Since Longhorn v1.1.1, we provide an option to help you automatically upgrade Longhorn volumes to the new default engine version after upgrading Longhorn manager.
This feature reduces the amount of manual work you have to do when upgrading Longhorn.
There are a few concepts related to this feature as listed below:
1. Concurrent Automatic Engine Upgrade Per Node Limit Setting
This is a setting that controls how Longhorn automatically upgrades volumes’ engines to the new default engine image after upgrading Longhorn manager.
The value of this setting specifies the maximum number of engines per node that are allowed to upgrade to the default engine image at the same time.
If the value is 0, Longhorn will not automatically upgrade volumes’ engines to the default version.
The bigger this value is, the faster the engine upgrade process finishes.
However, giving a bigger value for this setting will consume more CPU and memory of the node during the engine upgrade process.
We recommend setting the value to 3 to leave some room for error but don’t overwhelm the system with too many failed upgrades.
2. The behavior of Longhorn with different volume conditions.
In the following cases, assume that the concurrent automatic engine upgrade per node limit setting is bigger than 0.
If the volume is in attached state and healthy, Longhorn will automatically do a live upgrade for the volume’s engine to the new default engine image.

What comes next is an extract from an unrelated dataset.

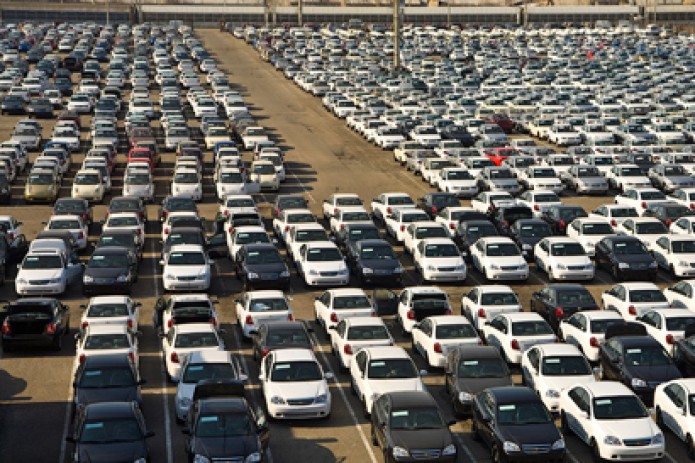 Car market of Uzbekistan — CERR overview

Longhorn automatically does an offline upgrade for detached volume.
Disaster Recovery Volumes
Longhorn doesn’t automatically upgrade disaster recovery volumes to the new default engine image because it would trigger a full restoration for the disaster recovery volumes.
The full restoration might affect the performance of other running Longhorn volumes in the system.
So, Longhorn leaves it to you to decide when it is the good time to manually upgrade the engine for disaster recovery volumes (e.g., when the system is idle or during the maintenance time).
However, when you activate the disaster recovery volume, it will be activated and then detached.
At this time, Longhorn will automatically do offline upgrade for the volume similar to the detached volume case.
3. What Happened If The Upgrade Fails?
If a volume failed to upgrade its engine, the engine image in volume’s spec will remain to be different than the engine image in the volume’s status.
Longhorn will continuously retry to upgrade until it succeeds.
If there are too many volumes that fail to upgrade per node (i.e., more than the concurrent automatic engine upgrade per node limit setting),
Longhorn will stop upgrading volume on that node.